The research in the policy and planning-field is organised around urban and regional studies with a common focus on spatial relations and interdependencies. The urban research deals primarily with questions on urban strategies, segregation and governance, whereas the regional studies are primarily concerned with regional development and rural and countryside planning.

The role of authorities in the neo-liberal era is a particular focus for research. This includes studies of current ideas in the planning and construction of cities in Sweden, Europe (especially Eastern Europe) and other parts of the world (especially cities in Africa). The research is oriented towards:

  • planning prerequisites, incl. demographic changes, legislation, political and economic visions etc,
  • political processes, incl. participation and deliberative planning, public planning vs. informal planning in networks, etc.
  • planning policies, incl. relations to economic growth strategies, public vs private space, , sustainable development etc.
  • power in planning, incl. transformation of land, housing provision, welfare services, gender relations and how citizens' perspectives are integrated into the planning process.
  • consequences of planning, incl. unsustainable development, spatial segregation, social inequalities etc.

Local studies of suburban conditions have a long tradition at the department. Study subjects are cities as liveable environments, everyday lives, suburban schools and public housing and the transformation of tenure to privately owned flats. This research is based on analysis of how urban development has created and continues to create segregation and stigmatization.

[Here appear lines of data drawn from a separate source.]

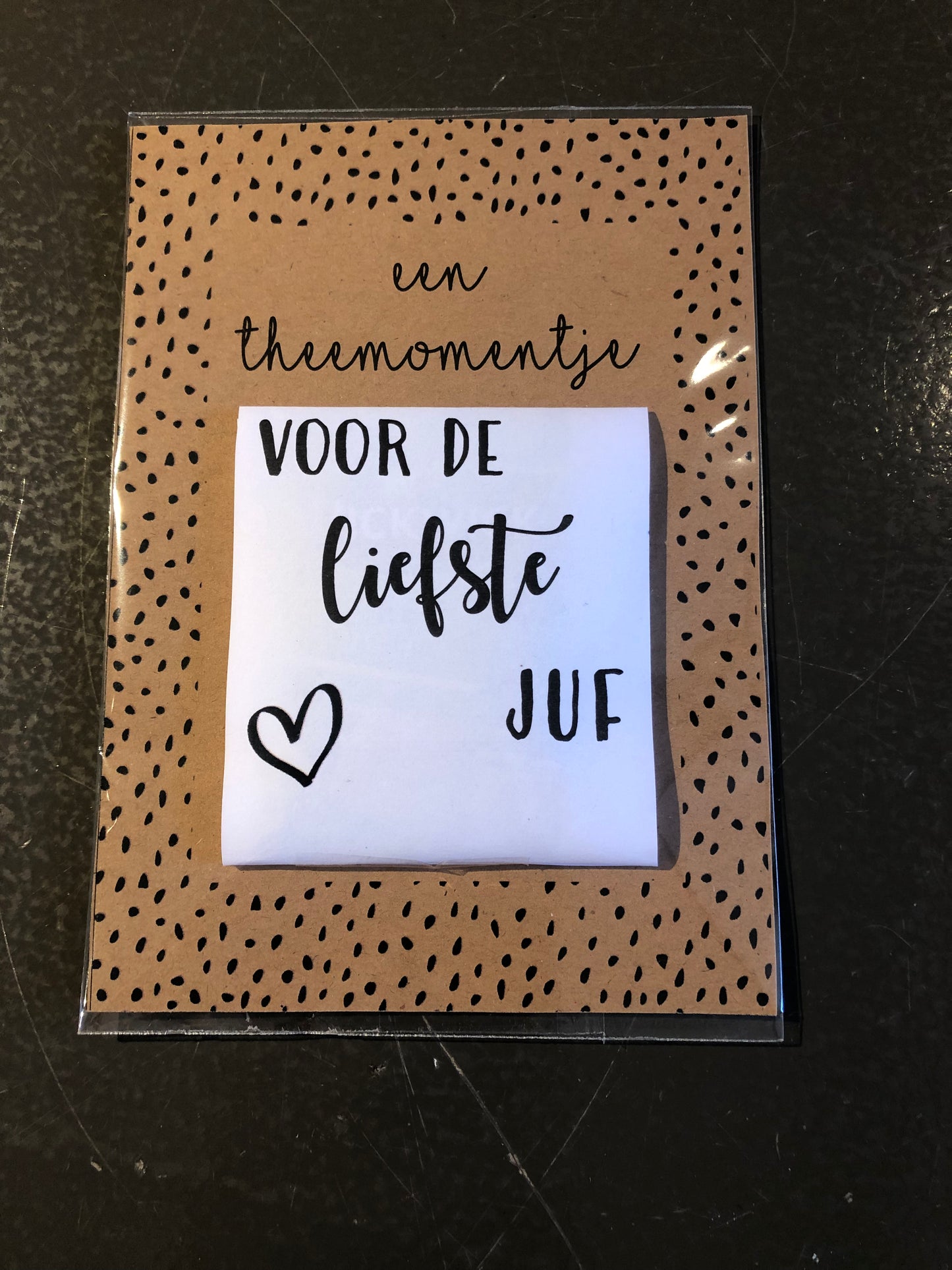 Zakje met thee momentje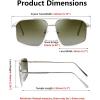 imageFEISEDY Vintage Polarized Aviator Sunglasses Men Women Classic American Gradient Lens UV400 Protection B0273Silver Framed and Gradient Green Lens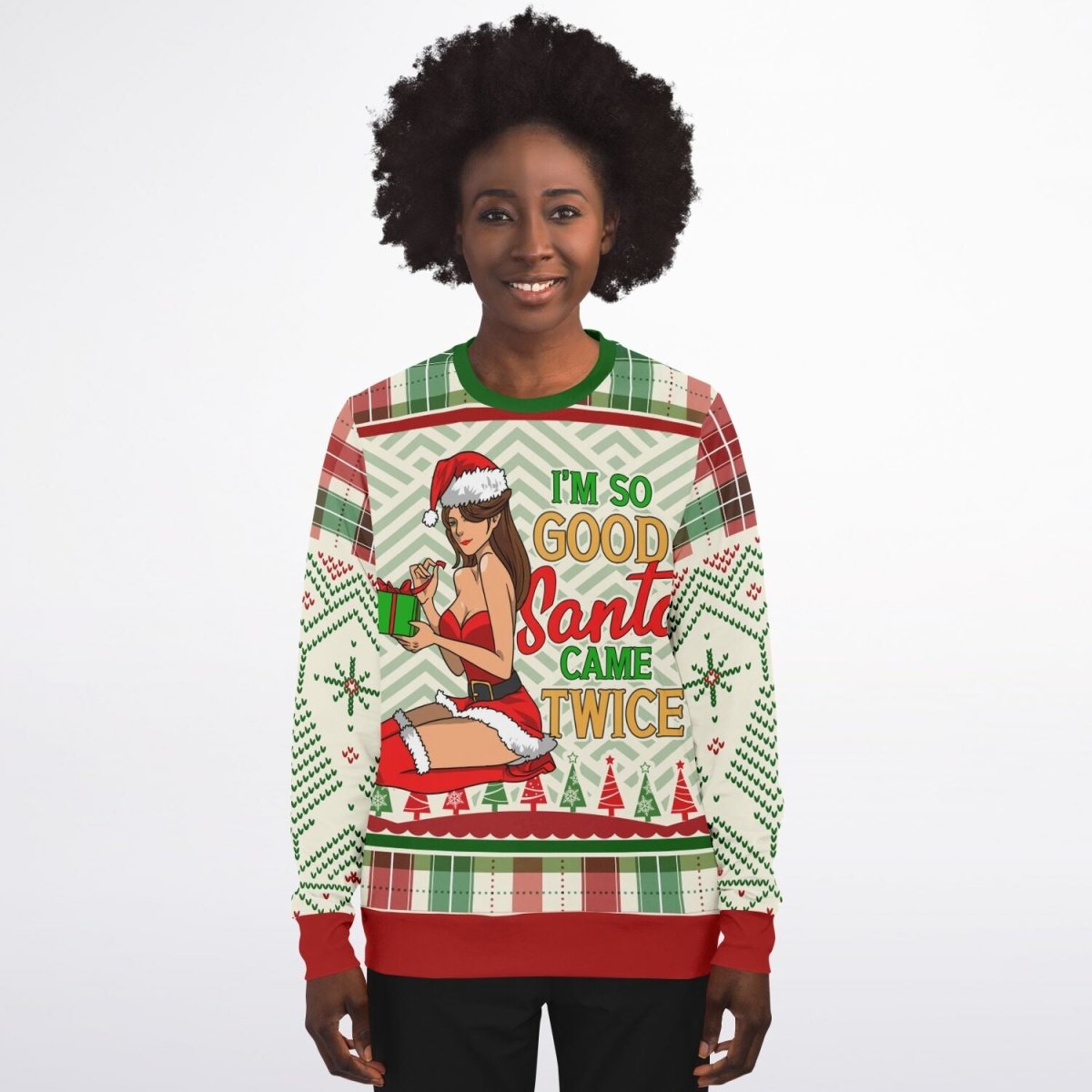 “I’m So Good Santa Came Twice” Christmas Swe - TreasuredTale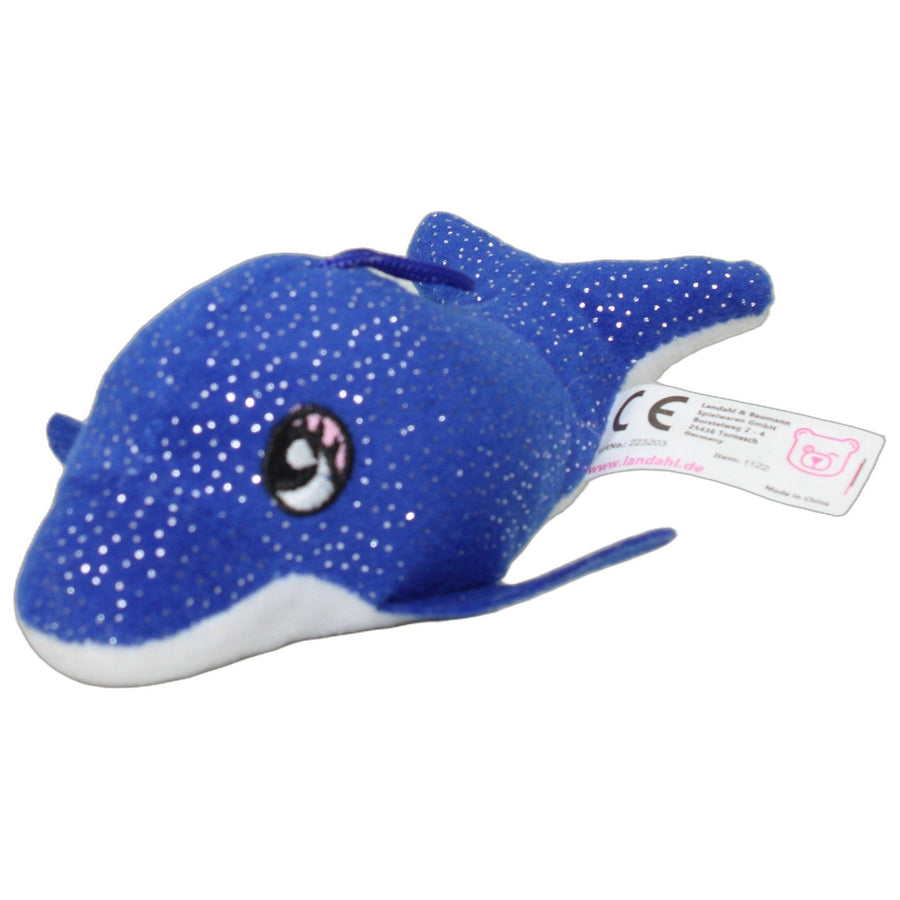 Dunkelblauer Delfin mit silberenen Punkten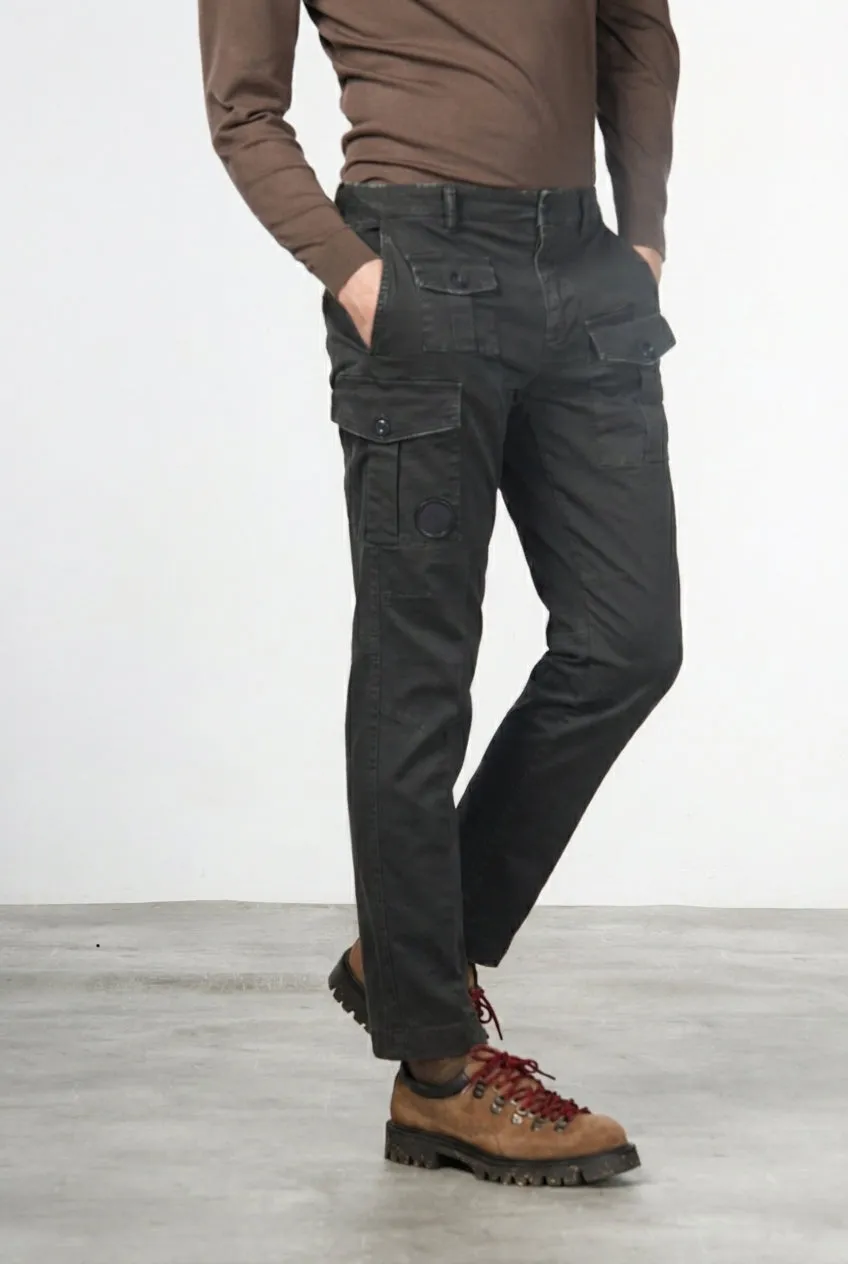 Mason's George Coolpocket cargobukser lysebrun carrot fit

The urban community is also analysed in a wider spatial perspective, where the links and relationships between places and urban areas are in focus. It widens the planning research to regional and gender analyses of strategies for economic and social development. The change in the population, buildings and industry that occur in regions and countrysides are understood in relation to global processes and to the planning and development of urban areas. The regional studies include analyses of the regional policy of EU, regional governance and network and cluster initiatives within and between Swedish counties. Rural transformation is another central topic of research, focusing on the economic and social dynamics of various countrysides, eg. gender relations, labour markets, international migration, sustainable development, second homes and carnivore management.